(Beginning of EXCERPTED RECORDS)

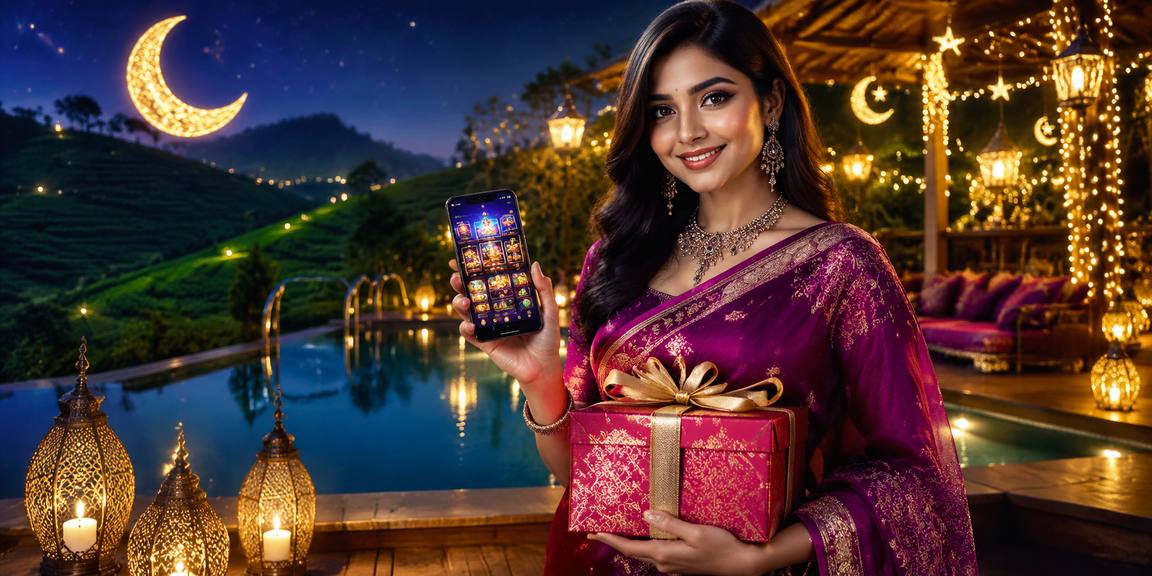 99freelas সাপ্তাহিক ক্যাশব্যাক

(End of EXCERPTED RECORDS)
(Beginning of EXCERPTED RECORDS)

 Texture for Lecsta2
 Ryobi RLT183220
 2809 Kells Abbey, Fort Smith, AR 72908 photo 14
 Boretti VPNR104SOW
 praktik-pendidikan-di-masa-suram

(End of EXCERPTED RECORDS)
(Beginning of EXCERPTED RECORDS)

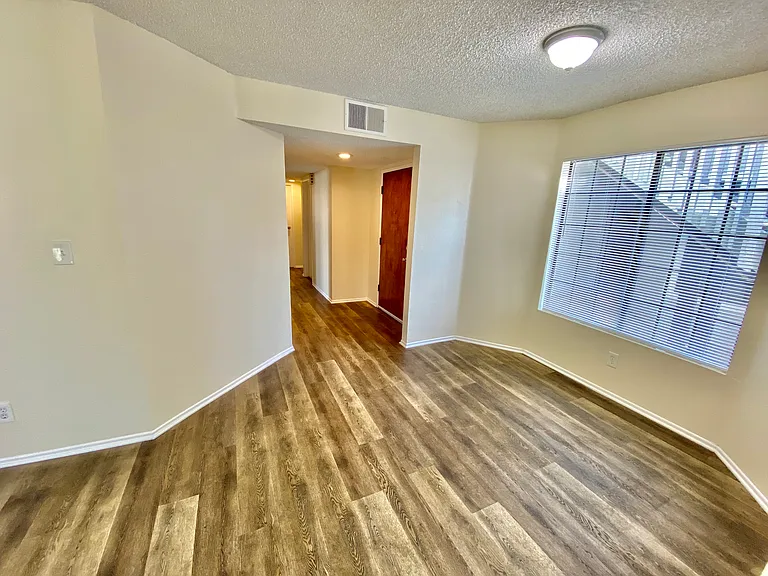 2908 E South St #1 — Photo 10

(End of EXCERPTED RECORDS)

__HOW TO COMPLETE THIS TASK__:
Looking back over the data above, restate word for word the lines that begin at the line with "Boretti VPNR104SOW" and end at the line with "praktik-pendidikan-di-masa-suram", inclusive.

__COMPLETED EXERCISE__:
 Boretti VPNR104SOW
 praktik-pendidikan-di-masa-suram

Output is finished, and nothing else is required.